As I mentioned previously, it was interesting to watch conservative Christians wrestle with the fact that the party they have been loyal to for years nominated Donald Trump to be president. A few, like Russell Moore, chose not to support him. But for the most part, both the leaders and their followers got behind one of the most immoral men who has ever run for president.
Those who actually struggled with that decision reached their conclusion based on one or both of the following:
- The most important issue is abortion and Trump promised to appoint a pro-life justice to the Supreme Court.
- God can use imperfect men to accomplish his will.
I’ve already discussed the moral challenges to only being pro-life when it comes to a fetus. But I know what some of my conservative Christian friends would say in response to my argument. Their position would be that they support the lives of gay teens, people with HIV and drug addicts. They just don’t see it as the government’s job to intervene – that should be left up to private individuals and the church.

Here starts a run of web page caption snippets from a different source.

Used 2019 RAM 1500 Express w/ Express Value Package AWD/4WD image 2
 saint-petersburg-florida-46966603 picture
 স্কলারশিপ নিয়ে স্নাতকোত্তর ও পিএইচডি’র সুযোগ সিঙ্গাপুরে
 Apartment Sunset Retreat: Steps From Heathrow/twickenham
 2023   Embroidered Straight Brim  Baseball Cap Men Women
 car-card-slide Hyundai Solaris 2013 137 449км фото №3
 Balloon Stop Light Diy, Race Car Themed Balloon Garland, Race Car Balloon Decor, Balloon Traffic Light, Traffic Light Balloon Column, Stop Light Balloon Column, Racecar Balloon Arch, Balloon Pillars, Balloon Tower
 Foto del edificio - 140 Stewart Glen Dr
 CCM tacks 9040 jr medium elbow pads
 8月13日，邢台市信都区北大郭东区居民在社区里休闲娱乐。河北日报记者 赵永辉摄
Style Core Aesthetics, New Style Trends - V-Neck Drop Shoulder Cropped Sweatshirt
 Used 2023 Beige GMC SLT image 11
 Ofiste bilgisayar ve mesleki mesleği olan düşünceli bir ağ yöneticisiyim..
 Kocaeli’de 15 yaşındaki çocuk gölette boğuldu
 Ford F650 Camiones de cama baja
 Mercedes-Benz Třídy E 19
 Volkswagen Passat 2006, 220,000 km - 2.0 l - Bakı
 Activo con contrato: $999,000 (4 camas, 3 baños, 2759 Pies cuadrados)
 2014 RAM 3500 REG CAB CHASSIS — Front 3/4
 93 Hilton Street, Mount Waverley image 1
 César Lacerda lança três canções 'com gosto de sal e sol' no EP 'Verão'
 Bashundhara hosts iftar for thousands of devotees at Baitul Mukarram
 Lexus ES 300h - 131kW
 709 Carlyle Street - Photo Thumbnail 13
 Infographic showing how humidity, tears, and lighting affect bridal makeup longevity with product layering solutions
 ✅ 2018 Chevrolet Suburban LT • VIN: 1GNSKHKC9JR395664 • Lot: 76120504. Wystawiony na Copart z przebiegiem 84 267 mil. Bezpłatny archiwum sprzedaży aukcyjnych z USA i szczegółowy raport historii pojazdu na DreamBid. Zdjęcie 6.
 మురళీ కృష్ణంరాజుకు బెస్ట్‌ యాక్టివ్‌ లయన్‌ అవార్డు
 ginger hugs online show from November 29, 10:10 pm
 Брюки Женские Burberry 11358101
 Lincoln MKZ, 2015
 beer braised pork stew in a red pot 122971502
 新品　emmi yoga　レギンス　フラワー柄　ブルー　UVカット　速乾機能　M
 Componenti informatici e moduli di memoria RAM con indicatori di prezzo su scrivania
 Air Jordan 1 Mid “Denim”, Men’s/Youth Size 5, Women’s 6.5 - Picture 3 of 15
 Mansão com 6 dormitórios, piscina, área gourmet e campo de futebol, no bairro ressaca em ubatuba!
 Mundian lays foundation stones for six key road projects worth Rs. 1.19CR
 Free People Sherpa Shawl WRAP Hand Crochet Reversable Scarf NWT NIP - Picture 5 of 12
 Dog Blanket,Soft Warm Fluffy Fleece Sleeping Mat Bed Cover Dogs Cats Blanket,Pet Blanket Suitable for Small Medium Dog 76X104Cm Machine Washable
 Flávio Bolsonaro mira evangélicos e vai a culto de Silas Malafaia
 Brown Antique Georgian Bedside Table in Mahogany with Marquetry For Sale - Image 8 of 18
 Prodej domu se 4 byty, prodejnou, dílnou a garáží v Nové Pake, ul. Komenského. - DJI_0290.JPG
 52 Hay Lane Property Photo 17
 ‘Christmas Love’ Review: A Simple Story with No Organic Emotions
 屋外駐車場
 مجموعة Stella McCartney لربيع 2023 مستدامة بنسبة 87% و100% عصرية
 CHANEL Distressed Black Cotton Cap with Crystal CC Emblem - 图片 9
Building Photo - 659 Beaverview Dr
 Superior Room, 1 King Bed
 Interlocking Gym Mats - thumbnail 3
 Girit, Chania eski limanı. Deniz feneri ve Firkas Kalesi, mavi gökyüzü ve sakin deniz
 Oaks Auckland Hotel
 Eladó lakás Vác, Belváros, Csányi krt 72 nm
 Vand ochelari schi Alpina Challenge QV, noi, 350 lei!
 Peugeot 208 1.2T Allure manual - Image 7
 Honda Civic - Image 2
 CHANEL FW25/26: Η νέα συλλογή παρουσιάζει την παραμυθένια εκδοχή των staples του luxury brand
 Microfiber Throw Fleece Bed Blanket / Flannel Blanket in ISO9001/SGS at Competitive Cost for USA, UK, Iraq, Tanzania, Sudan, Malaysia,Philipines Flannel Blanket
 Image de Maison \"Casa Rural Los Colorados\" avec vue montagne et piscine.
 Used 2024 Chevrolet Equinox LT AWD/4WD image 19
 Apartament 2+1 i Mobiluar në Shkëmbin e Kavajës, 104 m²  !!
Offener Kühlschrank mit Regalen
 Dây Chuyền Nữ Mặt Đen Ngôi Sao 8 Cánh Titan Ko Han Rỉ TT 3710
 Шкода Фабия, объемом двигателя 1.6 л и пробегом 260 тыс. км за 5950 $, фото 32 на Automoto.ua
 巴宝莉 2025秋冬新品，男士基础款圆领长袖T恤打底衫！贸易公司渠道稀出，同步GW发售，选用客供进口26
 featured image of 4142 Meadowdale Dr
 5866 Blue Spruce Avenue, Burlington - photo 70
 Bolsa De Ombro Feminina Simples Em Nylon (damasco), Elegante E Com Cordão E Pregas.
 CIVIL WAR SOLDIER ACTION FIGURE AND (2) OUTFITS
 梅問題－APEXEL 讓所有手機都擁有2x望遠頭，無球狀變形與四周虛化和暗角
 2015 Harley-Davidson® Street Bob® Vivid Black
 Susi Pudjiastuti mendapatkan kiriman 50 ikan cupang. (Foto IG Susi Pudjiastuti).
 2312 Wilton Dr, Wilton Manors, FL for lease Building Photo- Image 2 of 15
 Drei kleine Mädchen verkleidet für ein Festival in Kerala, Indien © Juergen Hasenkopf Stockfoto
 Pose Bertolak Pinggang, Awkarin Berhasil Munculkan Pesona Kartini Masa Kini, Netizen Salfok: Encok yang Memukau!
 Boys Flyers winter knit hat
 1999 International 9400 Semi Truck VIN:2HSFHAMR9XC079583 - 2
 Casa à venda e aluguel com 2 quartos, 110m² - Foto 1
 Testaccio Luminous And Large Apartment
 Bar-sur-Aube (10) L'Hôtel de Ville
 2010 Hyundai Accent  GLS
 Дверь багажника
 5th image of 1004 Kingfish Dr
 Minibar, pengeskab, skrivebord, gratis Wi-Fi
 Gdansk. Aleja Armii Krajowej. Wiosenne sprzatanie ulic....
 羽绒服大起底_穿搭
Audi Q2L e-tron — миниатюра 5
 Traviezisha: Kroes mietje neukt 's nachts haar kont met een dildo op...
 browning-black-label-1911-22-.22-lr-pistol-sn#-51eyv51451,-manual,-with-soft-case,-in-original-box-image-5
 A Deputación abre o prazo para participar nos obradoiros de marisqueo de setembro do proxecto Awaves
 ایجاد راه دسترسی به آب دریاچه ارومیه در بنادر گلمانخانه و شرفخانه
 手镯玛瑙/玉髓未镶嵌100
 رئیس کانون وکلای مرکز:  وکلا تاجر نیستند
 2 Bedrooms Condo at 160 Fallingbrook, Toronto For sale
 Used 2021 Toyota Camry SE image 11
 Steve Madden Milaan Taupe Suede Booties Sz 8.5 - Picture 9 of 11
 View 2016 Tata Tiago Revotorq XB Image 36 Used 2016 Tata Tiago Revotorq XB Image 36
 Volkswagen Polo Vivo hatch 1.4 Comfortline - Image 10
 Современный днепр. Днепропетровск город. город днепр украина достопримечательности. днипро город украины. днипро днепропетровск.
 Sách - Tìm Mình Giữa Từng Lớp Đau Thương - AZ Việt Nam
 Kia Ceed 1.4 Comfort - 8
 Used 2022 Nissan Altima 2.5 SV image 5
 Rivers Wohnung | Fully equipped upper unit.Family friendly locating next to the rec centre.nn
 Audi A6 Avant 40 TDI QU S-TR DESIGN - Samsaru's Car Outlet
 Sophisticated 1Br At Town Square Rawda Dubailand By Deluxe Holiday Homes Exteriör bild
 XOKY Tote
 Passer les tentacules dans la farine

Except when paired with the dismal record of most churches on filling the void, that argument ceases to be about morals and becomes one about the pragmatism of politics.
On the other hand, I’ve been told that, contrary to what the Bible says and what Jesus taught, the only real work of Christians in the world today is evangelism. That’s because if people die before they are “born again,” they will spend eternity in hell. Rick Santorum even went so far as to suggest that there was something redemptive in suffering.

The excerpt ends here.